*** Data in this exercise ***

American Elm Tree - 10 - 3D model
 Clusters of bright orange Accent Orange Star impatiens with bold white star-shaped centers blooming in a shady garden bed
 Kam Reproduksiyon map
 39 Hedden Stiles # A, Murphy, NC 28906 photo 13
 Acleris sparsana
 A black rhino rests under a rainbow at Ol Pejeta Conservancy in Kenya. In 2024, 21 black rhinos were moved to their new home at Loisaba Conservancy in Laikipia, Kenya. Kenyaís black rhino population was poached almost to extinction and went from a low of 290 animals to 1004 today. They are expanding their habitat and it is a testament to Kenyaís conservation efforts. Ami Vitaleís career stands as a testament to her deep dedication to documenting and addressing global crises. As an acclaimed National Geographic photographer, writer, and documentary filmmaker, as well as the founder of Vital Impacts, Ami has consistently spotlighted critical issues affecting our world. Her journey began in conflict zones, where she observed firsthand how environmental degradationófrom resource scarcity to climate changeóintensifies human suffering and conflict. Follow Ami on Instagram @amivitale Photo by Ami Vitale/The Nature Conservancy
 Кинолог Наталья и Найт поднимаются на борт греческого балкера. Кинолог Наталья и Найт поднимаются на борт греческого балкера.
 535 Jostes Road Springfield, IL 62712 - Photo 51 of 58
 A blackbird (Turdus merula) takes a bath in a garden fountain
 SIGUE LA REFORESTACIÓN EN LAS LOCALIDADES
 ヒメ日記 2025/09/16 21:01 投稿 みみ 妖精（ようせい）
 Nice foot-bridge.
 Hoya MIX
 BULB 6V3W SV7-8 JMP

*** End of Data in this exercise ***

**Work task**
Give back the whole listing exactly.

**Solution for this task**
American Elm Tree - 10 - 3D model
 Clusters of bright orange Accent Orange Star impatiens with bold white star-shaped centers blooming in a shady garden bed
 Kam Reproduksiyon map
 39 Hedden Stiles # A, Murphy, NC 28906 photo 13
 Acleris sparsana
 A black rhino rests under a rainbow at Ol Pejeta Conservancy in Kenya. In 2024, 21 black rhinos were moved to their new home at Loisaba Conservancy in Laikipia, Kenya. Kenyaís black rhino population was poached almost to extinction and went from a low of 290 animals to 1004 today. They are expanding their habitat and it is a testament to Kenyaís conservation efforts. Ami Vitaleís career stands as a testament to her deep dedication to documenting and addressing global crises. As an acclaimed National Geographic photographer, writer, and documentary filmmaker, as well as the founder of Vital Impacts, Ami has consistently spotlighted critical issues affecting our world. Her journey began in conflict zones, where she observed firsthand how environmental degradationófrom resource scarcity to climate changeóintensifies human suffering and conflict. Follow Ami on Instagram @amivitale Photo by Ami Vitale/The Nature Conservancy
 Кинолог Наталья и Найт поднимаются на борт греческого балкера. Кинолог Наталья и Найт поднимаются на борт греческого балкера.
 535 Jostes Road Springfield, IL 62712 - Photo 51 of 58
 A blackbird (Turdus merula) takes a bath in a garden fountain
 SIGUE LA REFORESTACIÓN EN LAS LOCALIDADES
 ヒメ日記 2025/09/16 21:01 投稿 みみ 妖精（ようせい）
 Nice foot-bridge.
 Hoya MIX
 BULB 6V3W SV7-8 JMP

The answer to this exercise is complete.